Difference between Message Passing and Method Call

Here we have the difference between message passing in c++ and method call:

Method call Message Passing
Method call is invoking a method on an  object Message passing is sending a message to an object
Syantax for method call is Object.method() Syntax of message passing is  Object->message()
It is procedural programming It is object-oriented programming
Execution is Synchronous Execution can be synchronous and asynchronous
Runtime efficiency is generally faster It can be slower due to message passing overhead
Method can access instance variables and state Message passing can encapsulate both data and behavior of an object
It is Supported in most language It more commonly used in OOP languages
It passed as argument It encapsulated within the message

Message passing is a fundamental concept in computer programming that involves sending data between different parts of a program or even between different programs running on other machines. Message passing can be implemented using various techniques, such as shared memory, sockets, and message queues. . Message passing in C++ can be accomplished through a variety of methods, including function calls, method calls, and message queues. The simplest form of message passing is function and method calls, in which data is passed directly between functions or methods. Message queues, on the other hand, are a better option when communication between different threads or processes is required.

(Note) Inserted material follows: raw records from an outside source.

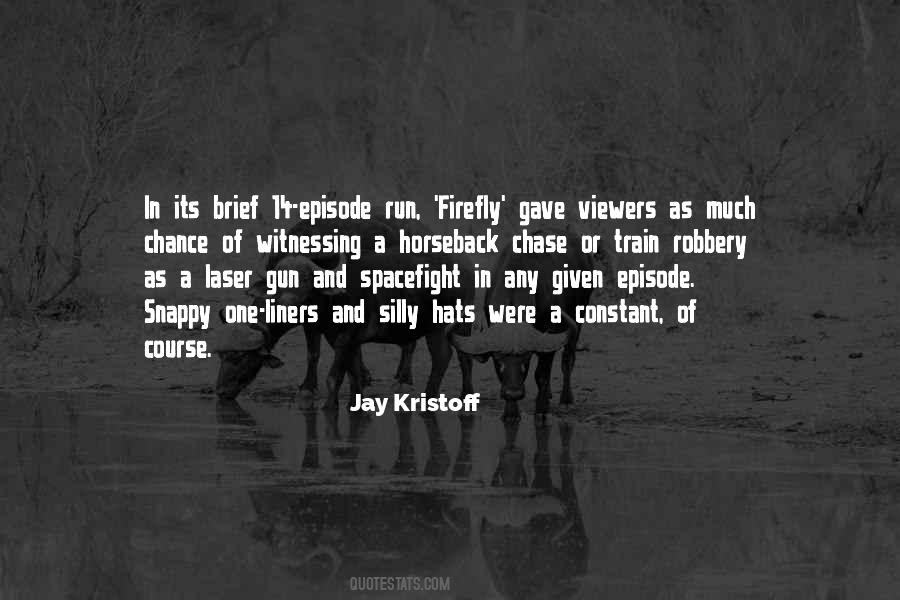 Jay Kristoff Quotes #1643675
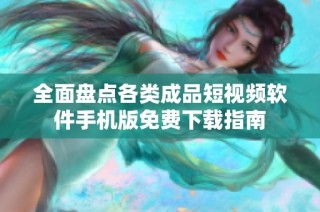全面盘点各类成品短视频软件手机版免费下载指南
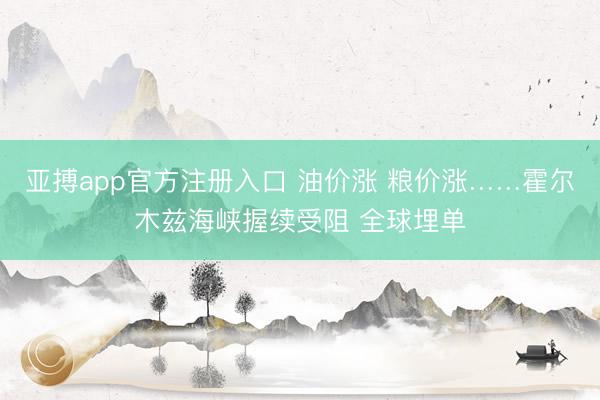 亚搏app官方注册入口 油价涨 粮价涨……霍尔木兹海峡握续受阻 全球埋单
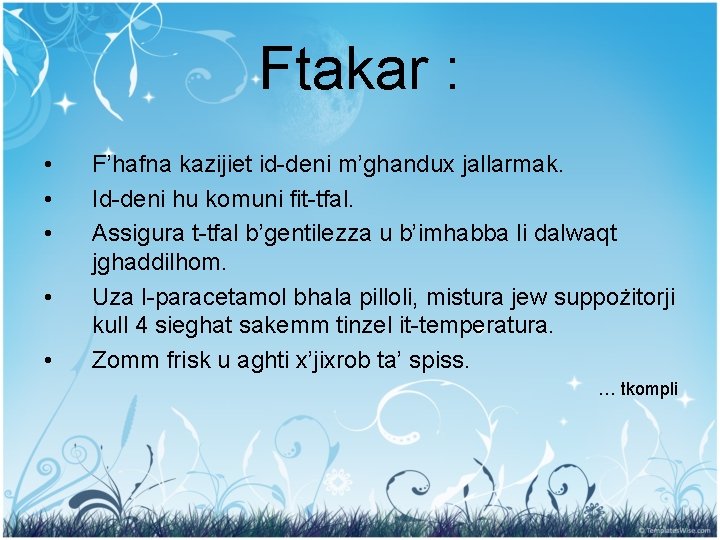 Ftakar : • • • F’hafna kazijiet id-deni m’ghandux jallarmak. Id-deni hu komuni fit-tfal.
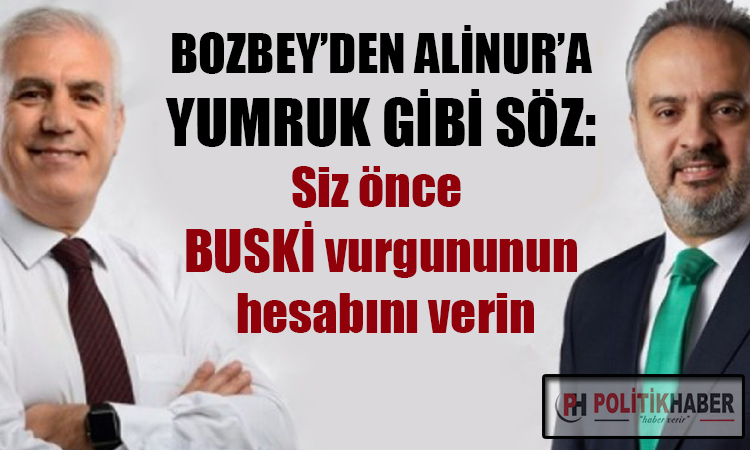 Bozbey: Siz önce Buski vurgununun hesabını verin!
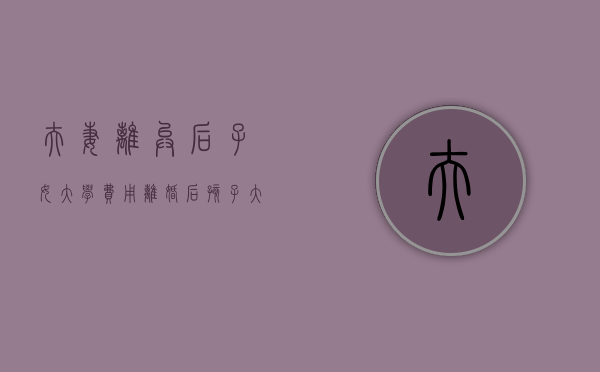 夫妻离异后子女大学费用（离婚后孩子大学学费谁出）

Frequently Asked Questions

Here are the FAQs:

Q1. What is message passing in C++?
Ans. Message passing is a technique used in object-oriented programming to enable communication between different objects in a system. In C++, this is typically done through pointers to objects and calling member functions through those pointers.

Q2. How is message passing implemented in C++?
Ans. Message passing in C++ is typically implemented using pointers to objects and calling member functions through those pointers.

Q3. What are some common use cases for message passing in C++?
Ans. Message passing is commonly used in C++ for tasks such as interprocess communication, event handling, and distributed computing.

Q4. How do you pass messages between objects in C++?
Ans. To pass messages between objects in C++, you typically use pointers to objects and call member functions through those pointers.

Q5. Can you use message passing with templates in C++?
Ans. Yes, message passing can be used with templates in C++. This allows for more generic and reusable code that can work with different types of objects.